What the task asks - Pictures aside, reproduce exactly and only the lines from the one containing "Воспалился глаз у" through the end of the records.

Stored records

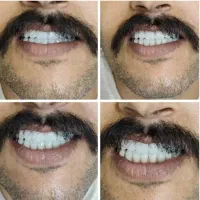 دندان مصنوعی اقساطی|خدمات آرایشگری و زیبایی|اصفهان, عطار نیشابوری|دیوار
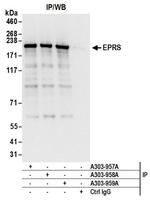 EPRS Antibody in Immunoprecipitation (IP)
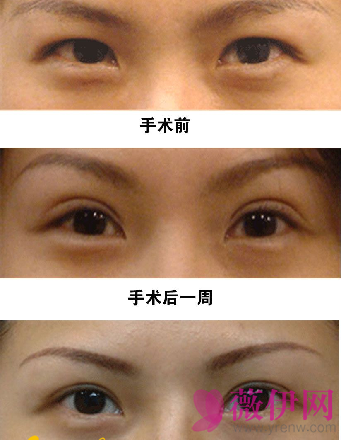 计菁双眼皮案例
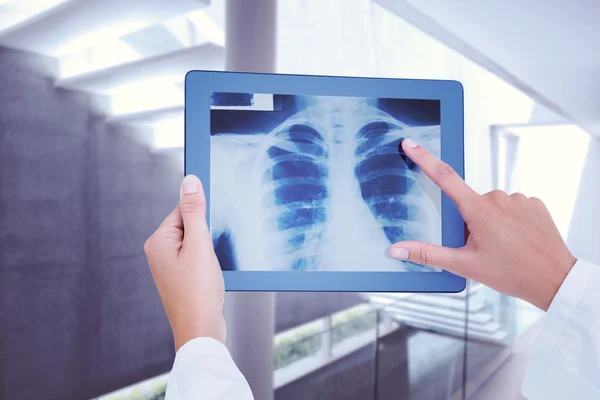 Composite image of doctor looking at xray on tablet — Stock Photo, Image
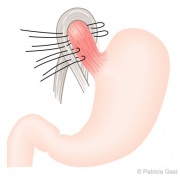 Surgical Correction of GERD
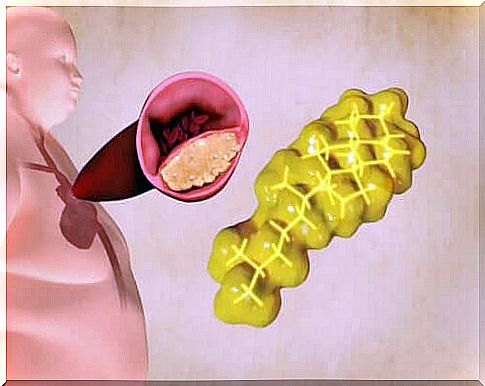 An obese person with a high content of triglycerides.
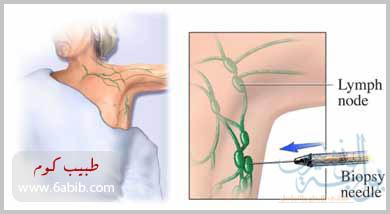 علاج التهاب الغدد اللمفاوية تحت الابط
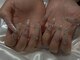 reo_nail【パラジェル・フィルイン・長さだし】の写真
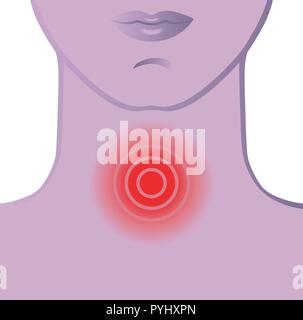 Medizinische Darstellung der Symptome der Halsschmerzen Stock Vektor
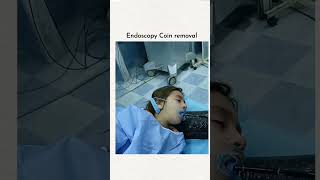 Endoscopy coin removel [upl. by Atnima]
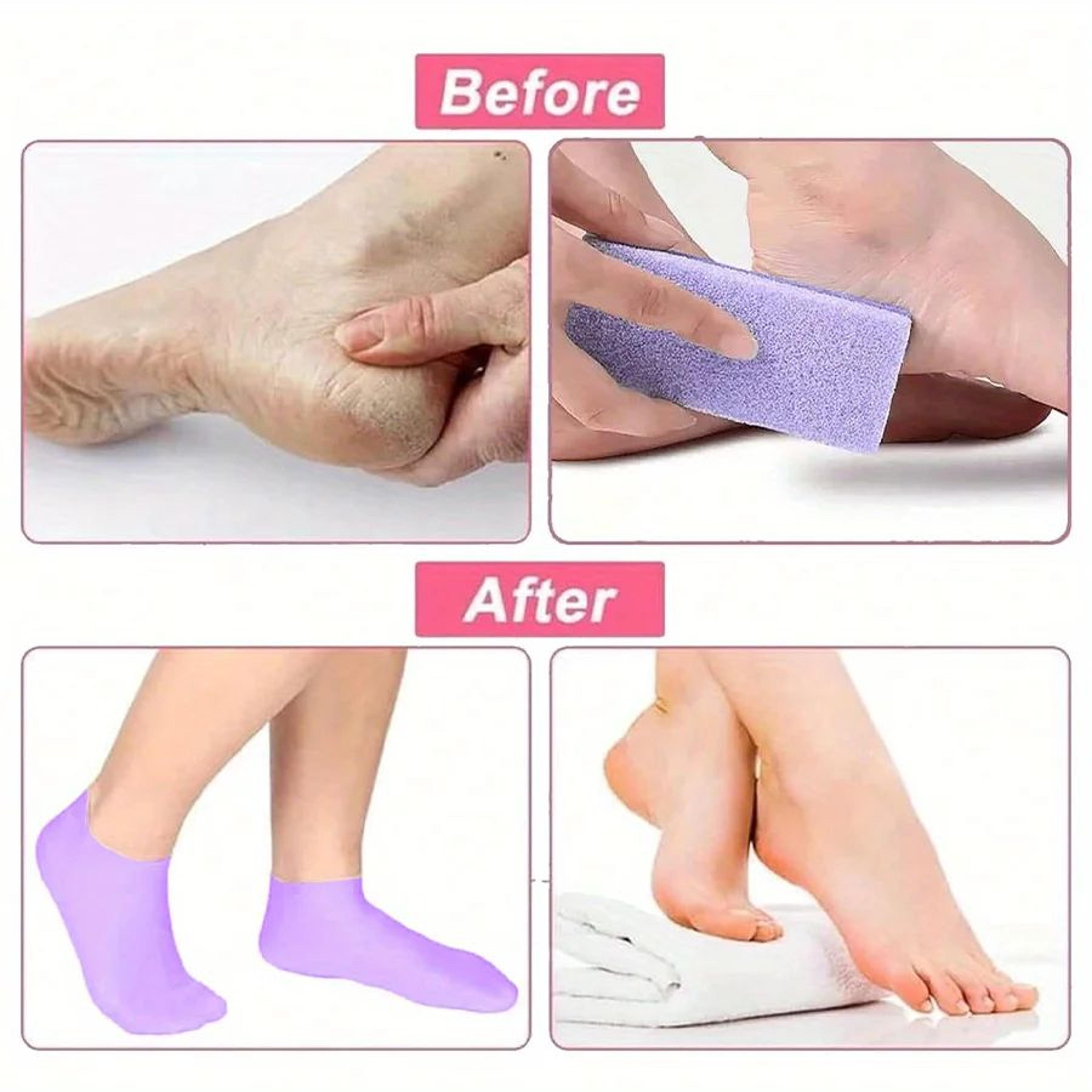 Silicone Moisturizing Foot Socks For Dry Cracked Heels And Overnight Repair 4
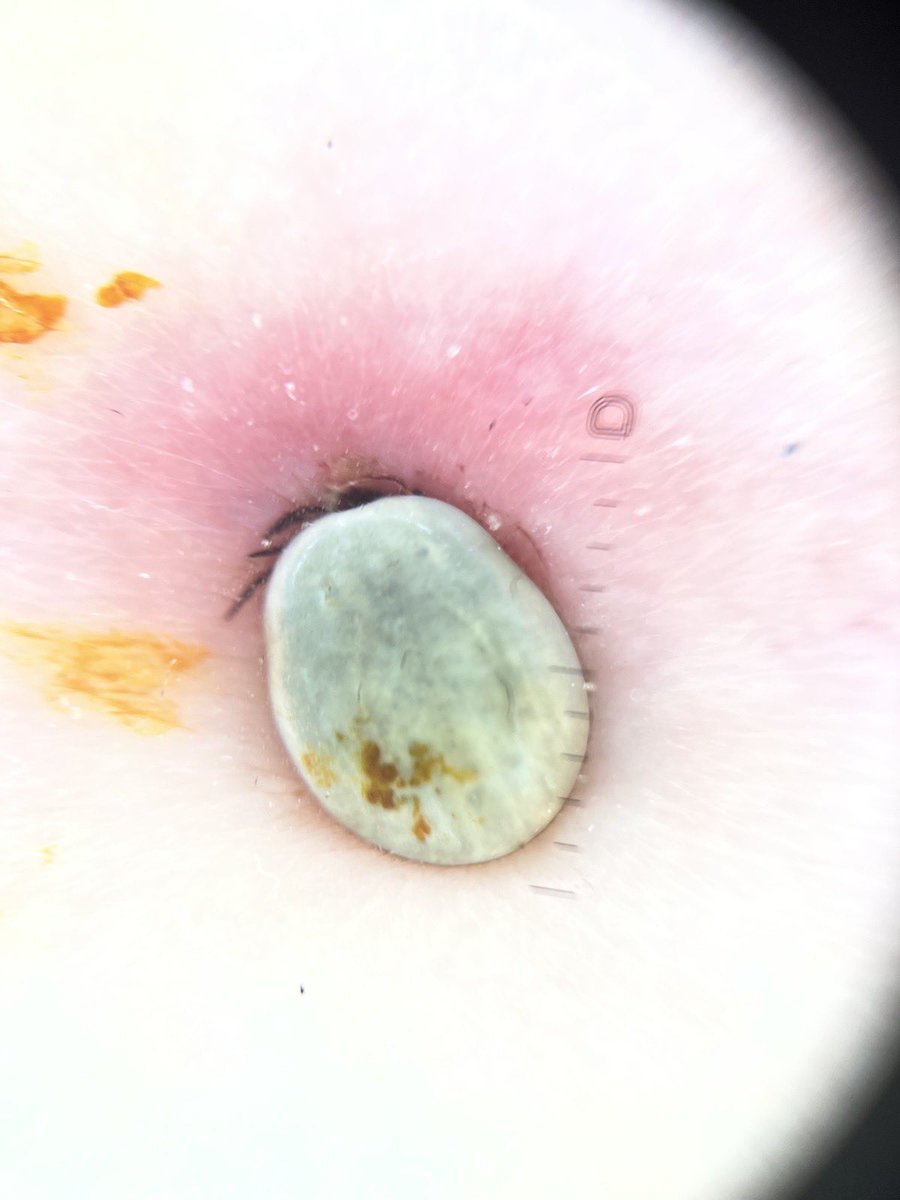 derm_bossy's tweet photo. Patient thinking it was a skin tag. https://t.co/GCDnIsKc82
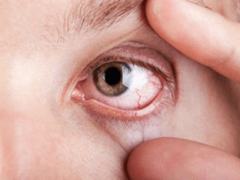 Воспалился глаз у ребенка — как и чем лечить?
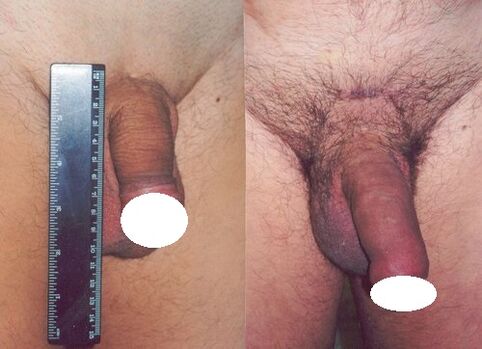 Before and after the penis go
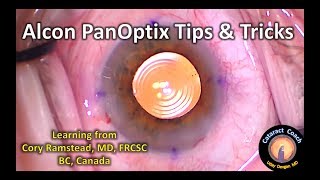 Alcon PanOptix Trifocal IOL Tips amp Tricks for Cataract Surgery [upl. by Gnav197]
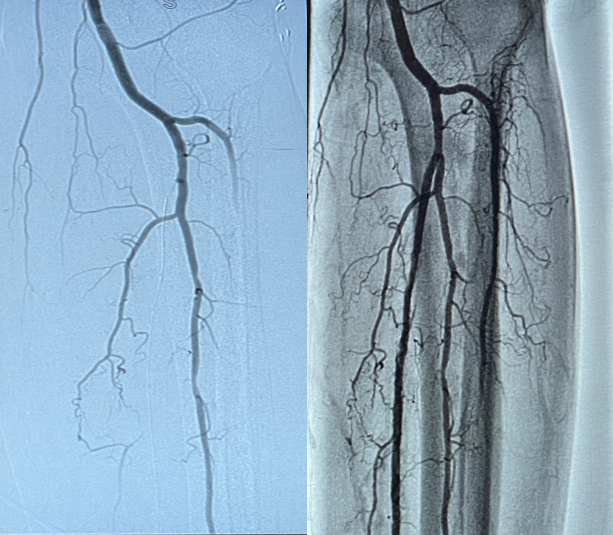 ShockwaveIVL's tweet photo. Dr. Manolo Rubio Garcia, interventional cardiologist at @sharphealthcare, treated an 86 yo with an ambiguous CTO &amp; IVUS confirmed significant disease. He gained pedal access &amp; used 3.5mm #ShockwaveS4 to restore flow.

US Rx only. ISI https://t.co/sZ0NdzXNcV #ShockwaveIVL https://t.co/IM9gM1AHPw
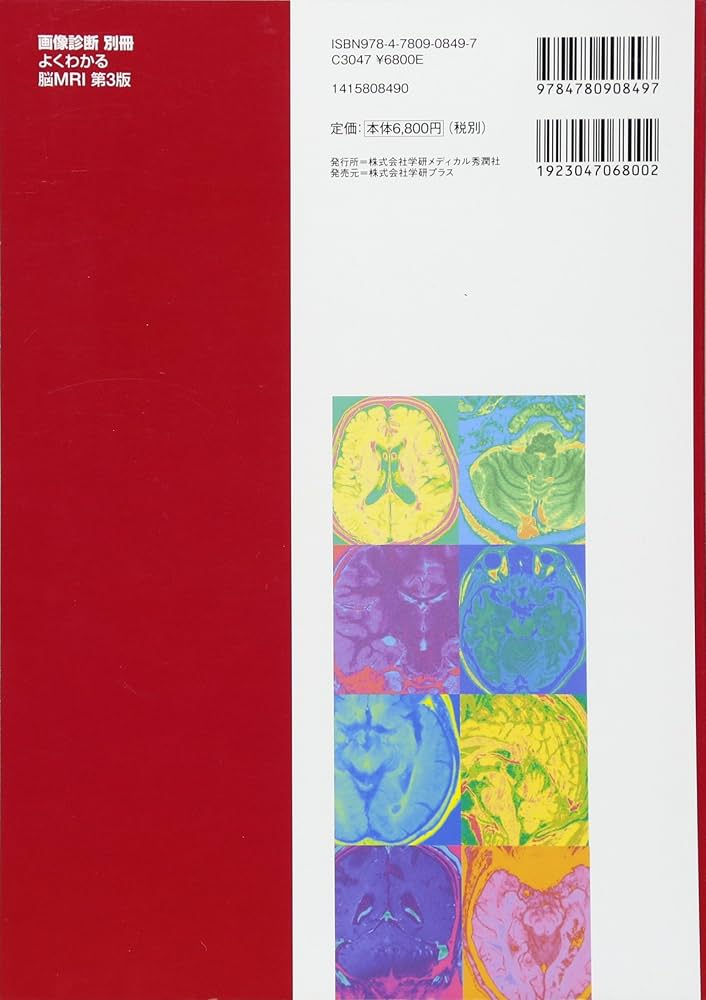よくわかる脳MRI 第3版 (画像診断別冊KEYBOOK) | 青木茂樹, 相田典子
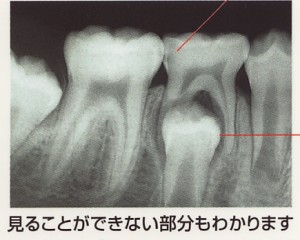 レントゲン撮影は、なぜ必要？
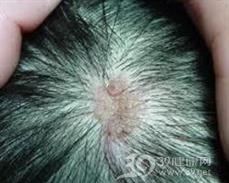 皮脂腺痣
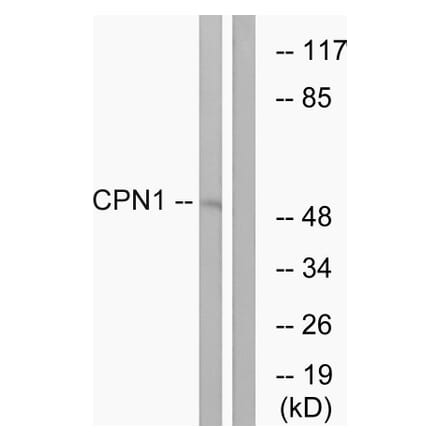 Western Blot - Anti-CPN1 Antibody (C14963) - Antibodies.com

Exercise solution -
 Воспалился глаз у ребенка — как и чем лечить?
 Before and after the penis go
 Alcon PanOptix Trifocal IOL Tips amp Tricks for Cataract Surgery [upl. by Gnav197]
 ShockwaveIVL's tweet photo. Dr. Manolo Rubio Garcia, interventional cardiologist at @sharphealthcare, treated an 86 yo with an ambiguous CTO &amp; IVUS confirmed significant disease. He gained pedal access &amp; used 3.5mm #ShockwaveS4 to restore flow.

US Rx only. ISI https://t.co/sZ0NdzXNcV #ShockwaveIVL https://t.co/IM9gM1AHPw
よくわかる脳MRI 第3版 (画像診断別冊KEYBOOK) | 青木茂樹, 相田典子
 レントゲン撮影は、なぜ必要？
 皮脂腺痣
 Western Blot - Anti-CPN1 Antibody (C14963) - Antibodies.com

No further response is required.